- Born: October 10, 1793 Halle (Saale)
- Died: November 28, 1884 (aged 91) Erfurt
- Known for: Entomological research, collection of butterflies
- Scientific career
- Fields: Entomology

= Georg Adolf Keferstein =

German lawyer and entomologist

Georg Adolf Keferstein (October 10, 1793 - November 28, 1884) was a German lawyer (most recently in Erfurt) and entomologist.

Georg Keferstein was born in Halle (Saale), and collected butterflies from his youth and published specifically on the history of entomology, for example about the silkworm in antiquity. An example is Der Bombyx oder Bombylius des Aristoteles als Seide hervorbringendes Insekt. Verhandlungen k.u.k. Zoolog.-Botan. Ges. Wien, 1882. He published in the Revue Entomologique edited by Gustave Silbermann, in Isis edited by Lorenz Oken, in the proceedings of the Imperial Zoological and Botanical Society and in the Szczecin Entomology Journal.

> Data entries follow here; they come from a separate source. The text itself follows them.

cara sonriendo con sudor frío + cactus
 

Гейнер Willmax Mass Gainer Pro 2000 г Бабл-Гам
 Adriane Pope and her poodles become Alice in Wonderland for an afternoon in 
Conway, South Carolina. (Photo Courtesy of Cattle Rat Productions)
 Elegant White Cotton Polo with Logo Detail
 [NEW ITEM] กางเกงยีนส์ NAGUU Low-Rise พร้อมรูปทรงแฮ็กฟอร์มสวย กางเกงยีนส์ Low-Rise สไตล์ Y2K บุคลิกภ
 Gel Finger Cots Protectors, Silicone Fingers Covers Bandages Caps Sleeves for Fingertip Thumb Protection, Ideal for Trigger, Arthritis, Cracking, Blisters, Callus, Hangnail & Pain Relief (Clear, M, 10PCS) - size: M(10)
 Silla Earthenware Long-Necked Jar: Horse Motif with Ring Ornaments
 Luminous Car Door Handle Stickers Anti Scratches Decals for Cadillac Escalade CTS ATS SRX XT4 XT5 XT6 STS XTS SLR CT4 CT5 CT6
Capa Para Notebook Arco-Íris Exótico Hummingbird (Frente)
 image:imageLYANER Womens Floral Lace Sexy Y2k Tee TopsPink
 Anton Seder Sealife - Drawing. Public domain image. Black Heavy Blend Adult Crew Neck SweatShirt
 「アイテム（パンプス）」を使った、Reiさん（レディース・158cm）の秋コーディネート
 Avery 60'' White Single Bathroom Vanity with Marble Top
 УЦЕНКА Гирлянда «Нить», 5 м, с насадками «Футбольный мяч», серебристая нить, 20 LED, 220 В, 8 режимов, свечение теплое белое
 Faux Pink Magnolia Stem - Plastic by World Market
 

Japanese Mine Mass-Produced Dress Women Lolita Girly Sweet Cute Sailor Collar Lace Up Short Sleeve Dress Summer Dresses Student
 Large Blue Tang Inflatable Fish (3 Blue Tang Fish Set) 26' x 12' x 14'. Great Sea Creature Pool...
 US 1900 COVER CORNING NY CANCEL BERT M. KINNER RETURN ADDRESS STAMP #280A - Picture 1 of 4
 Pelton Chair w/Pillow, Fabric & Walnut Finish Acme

First descriptions from his extensive collection were mostly by Gottlieb August Herrich-Schäffer. He himself described Tritonaclia tollini amongst other species. The Keferstein collection is held by the University of Halle together with his valuable entomological library. Keferstein was a member of the Halle Masonic Lodge. He died in Erfurt.